Plus de deux semaines après la révélation de l’existence de ce questionnaire méthodique, on pourrait dire qu’après tout il est normal qu’un maire sortant souhaite mieux connaître sa ville, et que la décentralisation sert aussi à cela (pas seulement à multiplier les embauches pour récompenser les diverses fidélités, d’ailleurs comme partout en France, mais aussi à surveiller et prévenir à la source les dissidences dans les « territoires », ceci rue par rue.)

Mais ce qui est vraiment remarquable dans cet épisode, c’est le silence préoccupant de la gauche militante et intellectuelle nantaise, depuis plus de deux semaines.
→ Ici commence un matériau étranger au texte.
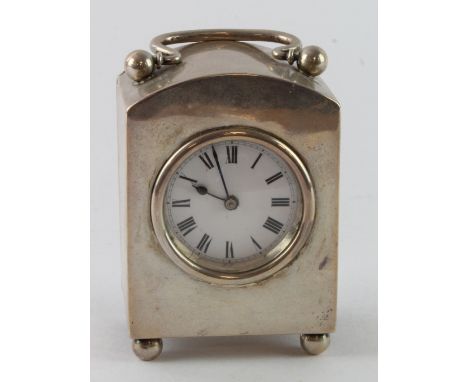 Silver carriage clock, raised on four ball feet, hallmarked 'W.N.G.N., Birmingham 1911', white enamel dial with Roman numeral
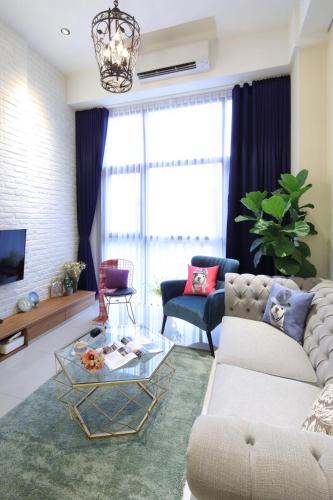 a living room with a couch and a table at BV Taipei Da'an C&D in Taipei
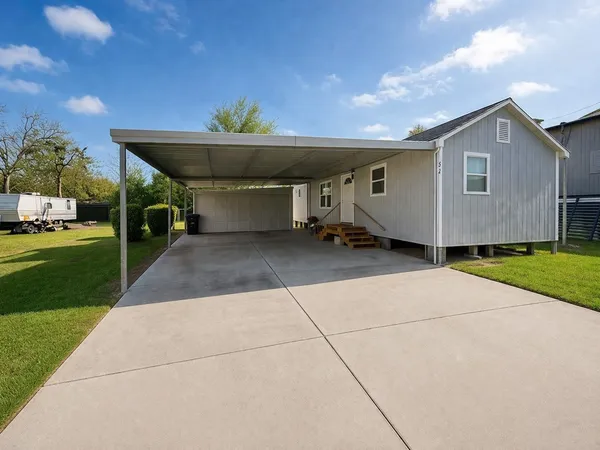 a view of a house with a back yard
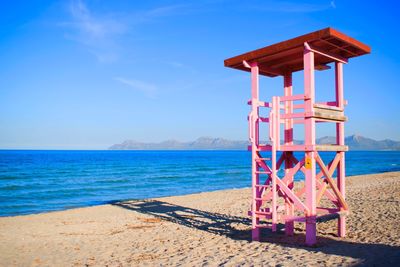 Lifeguard hut on beach against blue sky during sunny day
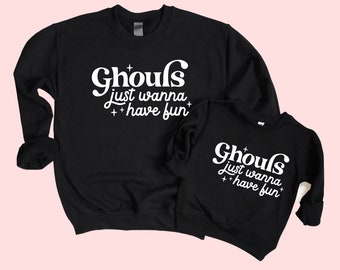 May include: Two black crewneck sweatshirts with white text. The larger sweatshirt says "Ghouls just wanna have fun". The smaller sweatshirt says the same thing in a smaller font.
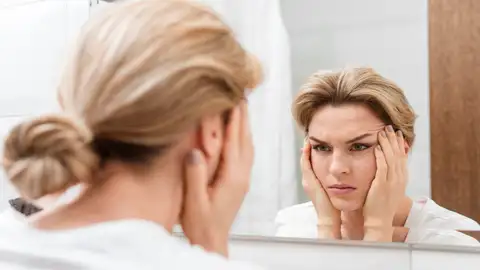 Mujer mirándose las arrugas Mujer mirándose las arrugas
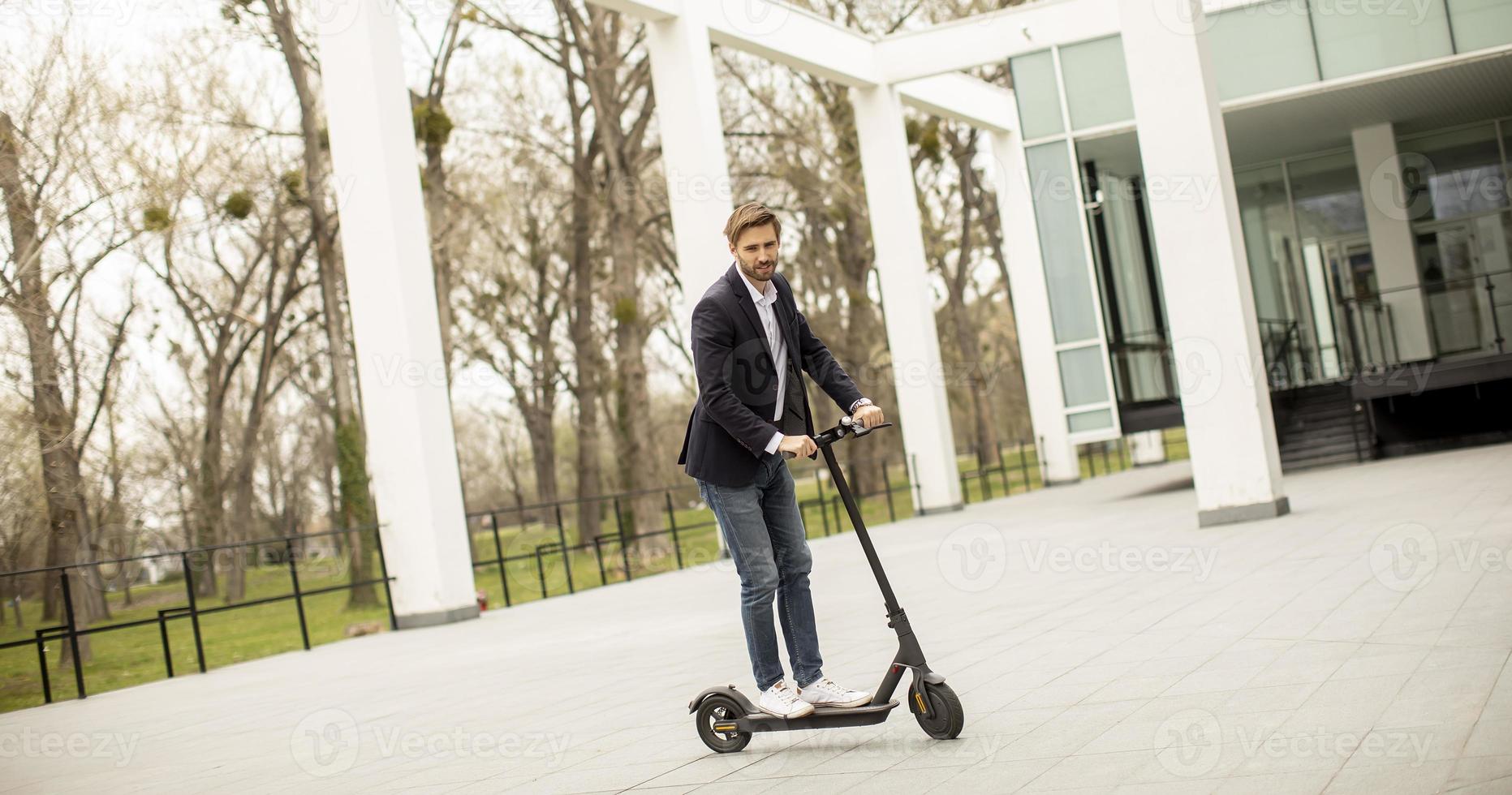 ung affärsman i avslappnade kläder som rider på en elektrisk skoter vid en kontorsbyggnad på ett affärsmöte foto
Ceci dans une ville qui a été le laboratoire de la gauche jospinienne, avec l’intégration précoce des écologistes dans les pouvoirs locaux, et l’expérimentation officielle de la « concertation citoyenne » comme forme de management de la société civile.

Alors que l’UMP s’ est beaucoup agitée sur cette affaire, qui est pour elle une opportunité de début de campagne électorale, on ne peut que souligner le silence gêné du « peuple de gauche », un silence assourdissant, emblématique d’un certain climat local.
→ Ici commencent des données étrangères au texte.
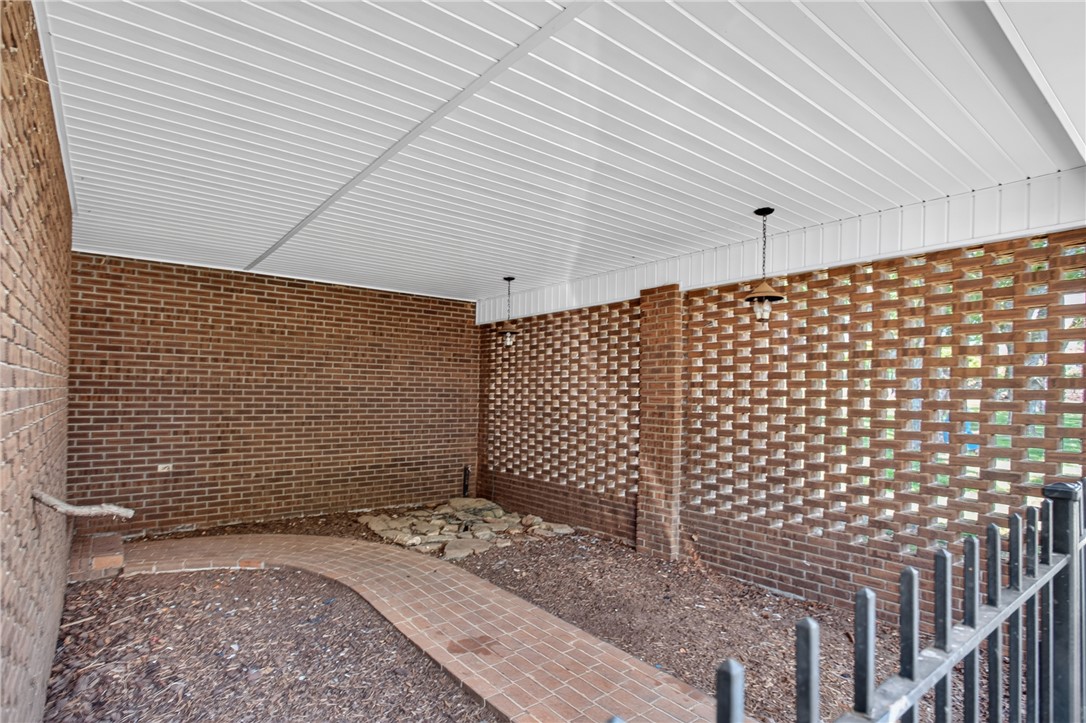 1412 Simpson Road Pendleton, SC 29670 - Photo 36 of 48 Brickwork with geometric patterns forms a private exterior alcove with a charming paved pathway.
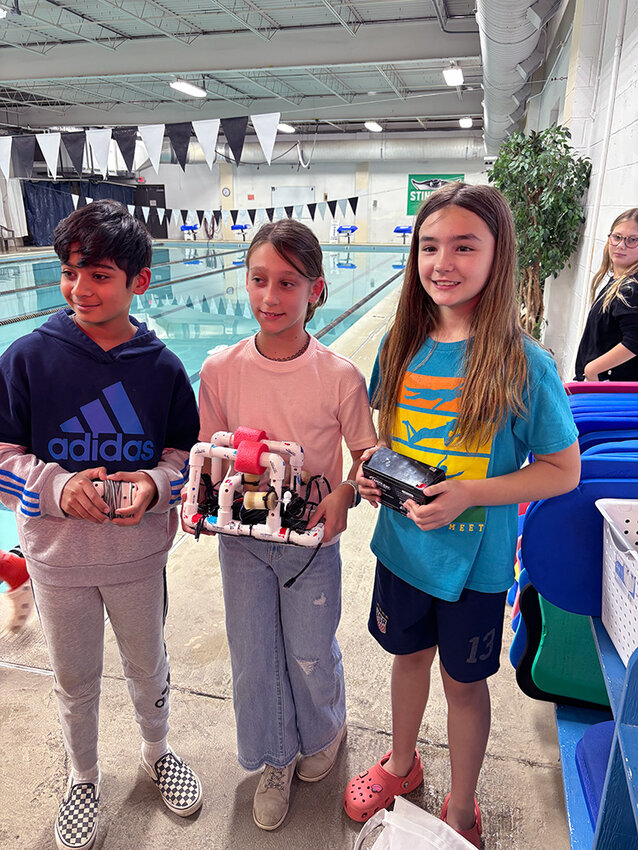 Folger McKinsey students Aidyn, Lucia and Maggie posed with their SeaPerch vessel, the U.V. Minnow, at Severna Park Fitness and Racquetball Club, where the teams prepared to test their robots.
Un climat local fait de multiples complaisances, d’autocensures de toutes sortes, et du Tout-Subvention érigé comme arme de gouvernement.
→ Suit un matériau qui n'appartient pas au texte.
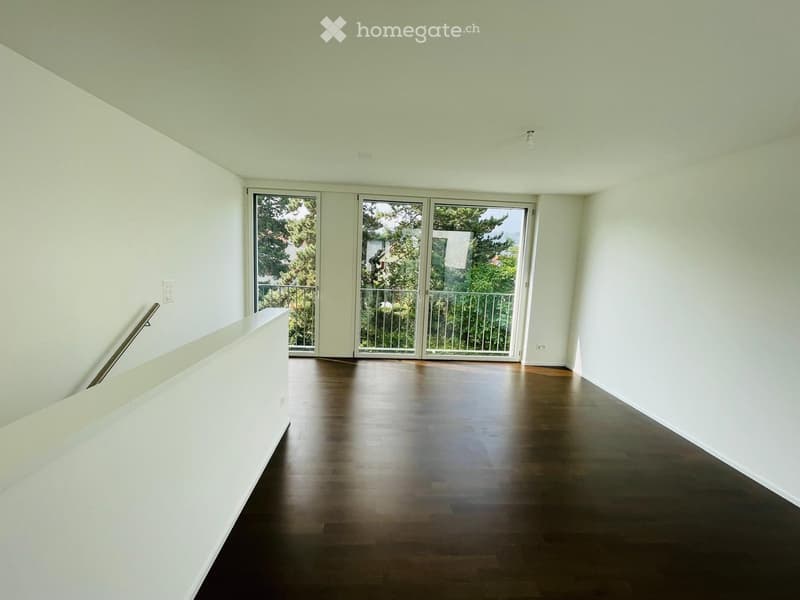 Empty room with light-colored walls, dark wooden flooring, and large sliding glass doors leading to a balcony.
– Silence de toute la gauche militante dévouée à la défense des libertés civiles et personnelles, des différentes unions syndicales, des groupes de défense des droits de l’homme, des associations d’éducation populaire et de quartiers.

– Silence des innombrables organismes locaux dédiés à la défense et à l’illustration du lien social : maisons des sciences humaines, maisons de l’homme et du citoyen, chaires d’étude du mouvement ouvrier, laboratoires de sociologie, de psychologie sociale, d’histoire locale, de philosophie politique, experts en altermondialisme, en antiracisme ou en économie sociale et solidaire.

– Silence de la gauche de la gauche, (dont les leaders, y compris les trotskistes, avaient pourtant promis de présenter une alternative globale intègre après le « Non » européen), comme si finalement ils n’étaient pas si indépendants que cela, ni si attachés au respect des libertés élémentaires.

– Silence des gens de robe, des juristes, avocats et procureurs, puisqu’apparemment personne ne s’est avisé qu’un questionnaire méthodique introduit par une notification du « numéro » de chaque bureau de vote pourrait contrevenir éventuellement à la loi « Informatique et Liberté », ou même se croiser facilement avec tout autre listing comme les fichiers des électeurs, des contribuables, des ayant-droits sociaux ou des usagers de services publics locaux.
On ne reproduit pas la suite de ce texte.